Les évolutions sont plus contrastées chez les autres grands producteurs. Aux États-Unis, le cours du cheddar poursuit sa forte volatilité. Il a atteint un nouveau pic en octobre à 5 525 €/t, tiré par les ventes au détail, les achats du gouvernement et le manque de cheddar jeune (4-30 jours). Les prix élevés ont fini par freiner les acheteurs et le cours a de nouveau chuté de plus de 700 €/t en un mois, pour se retrouver à 4 800 €/t en novembre (+4% /2019). Les fabrications évoluent également en dents de scie : sous leurs niveaux de 2019 en août et octobre et au-dessus en juillet et en décembre.
Les exportations évoluent en fonction des prix mais affichent sur 9 mois les mêmes volumes qu’en 2019. Les stocks de fromages ont enregistré une forte baisse saisonnière depuis le mois de mai, se retrouvant début novembre à leur niveau de 2019. Cependant, la crainte d’une surproduction de fromage émerge dans le pays. La production laitière dynamique et la forte augmentation en cours de la capacité de transformation font craindre une offre en hausse tandis que des interrogations sur la poursuite des achats publics par la future administration Biden et la progression importante des cas de Covid-19 qui mènent à des restrictions sur la RHD interrogent sur l’évolution de la demande.
En Nouvelle-Zélande, après 3 mois de hausse, le cours du cheddar a reculé de près de 100 €/t pour afficher 3 140 €/t (-6% /2019). Les exportations restent en retrait sur les 10 premiers mois (-7% /2019), mais les acheteurs semblent être revenus aux achats.

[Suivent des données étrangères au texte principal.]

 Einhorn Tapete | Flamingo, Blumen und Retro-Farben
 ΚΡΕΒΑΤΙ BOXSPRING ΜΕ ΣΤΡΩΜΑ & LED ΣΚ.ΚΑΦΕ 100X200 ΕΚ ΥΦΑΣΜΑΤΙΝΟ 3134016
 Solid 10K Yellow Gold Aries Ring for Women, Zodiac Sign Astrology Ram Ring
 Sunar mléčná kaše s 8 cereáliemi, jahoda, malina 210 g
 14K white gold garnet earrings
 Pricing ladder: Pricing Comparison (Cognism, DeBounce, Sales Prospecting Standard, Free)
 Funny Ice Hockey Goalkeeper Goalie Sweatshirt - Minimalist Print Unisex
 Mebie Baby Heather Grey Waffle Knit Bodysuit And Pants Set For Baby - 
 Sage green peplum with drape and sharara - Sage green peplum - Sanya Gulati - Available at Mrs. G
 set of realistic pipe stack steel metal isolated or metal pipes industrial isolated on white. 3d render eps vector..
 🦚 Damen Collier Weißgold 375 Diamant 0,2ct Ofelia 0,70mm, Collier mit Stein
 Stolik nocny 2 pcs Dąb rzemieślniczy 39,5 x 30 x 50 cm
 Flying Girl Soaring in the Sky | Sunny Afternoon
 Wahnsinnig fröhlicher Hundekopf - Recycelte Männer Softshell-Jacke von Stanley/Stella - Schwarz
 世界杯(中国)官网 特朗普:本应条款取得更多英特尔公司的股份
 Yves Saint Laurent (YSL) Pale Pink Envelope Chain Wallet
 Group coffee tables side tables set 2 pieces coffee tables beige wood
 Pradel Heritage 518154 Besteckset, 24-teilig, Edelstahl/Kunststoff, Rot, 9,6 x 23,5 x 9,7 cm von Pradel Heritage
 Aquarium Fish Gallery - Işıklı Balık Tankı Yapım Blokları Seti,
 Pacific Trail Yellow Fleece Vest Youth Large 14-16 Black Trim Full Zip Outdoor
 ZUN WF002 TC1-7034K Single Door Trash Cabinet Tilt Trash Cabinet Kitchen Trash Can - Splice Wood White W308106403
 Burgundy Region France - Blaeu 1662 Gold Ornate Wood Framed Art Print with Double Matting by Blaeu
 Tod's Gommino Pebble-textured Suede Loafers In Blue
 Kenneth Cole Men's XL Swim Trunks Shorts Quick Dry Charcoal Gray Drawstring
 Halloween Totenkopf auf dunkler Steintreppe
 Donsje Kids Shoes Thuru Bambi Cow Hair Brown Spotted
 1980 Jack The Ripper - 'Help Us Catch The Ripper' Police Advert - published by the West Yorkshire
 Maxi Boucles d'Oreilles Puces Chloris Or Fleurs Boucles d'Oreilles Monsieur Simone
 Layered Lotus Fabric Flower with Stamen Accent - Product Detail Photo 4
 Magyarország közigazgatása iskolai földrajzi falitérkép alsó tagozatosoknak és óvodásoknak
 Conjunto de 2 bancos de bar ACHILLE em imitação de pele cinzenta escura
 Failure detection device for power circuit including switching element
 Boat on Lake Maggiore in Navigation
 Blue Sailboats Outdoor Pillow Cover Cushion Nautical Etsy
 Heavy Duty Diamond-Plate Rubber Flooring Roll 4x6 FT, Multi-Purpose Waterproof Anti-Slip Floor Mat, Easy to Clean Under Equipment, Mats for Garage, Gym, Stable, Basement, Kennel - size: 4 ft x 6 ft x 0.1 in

Marché de la poudre de lactosérum : bien orienté
Le marché du lactosérum en poudre reste ferme et les cours sont orientés à la hausse. La progression est modérée dans l’UE, avec des hausses comprises entre +1% (Allemagne et Pays-Bas) et +3% (France) d’un mois sur l’autre, pour maintenir les cours au-dessus des 700 €/t. Aux États-Unis, la hausse atteint +9% entre octobre et novembre. Les achats chinois, pour nourrir un cheptel porcin en pleine recapitalisation, sont dynamiques (+37% sur les 10 premiers mois) et tirent les exportations étatsuniennes alors que la production évolue en dent de scie, en lien avec celle de fromages.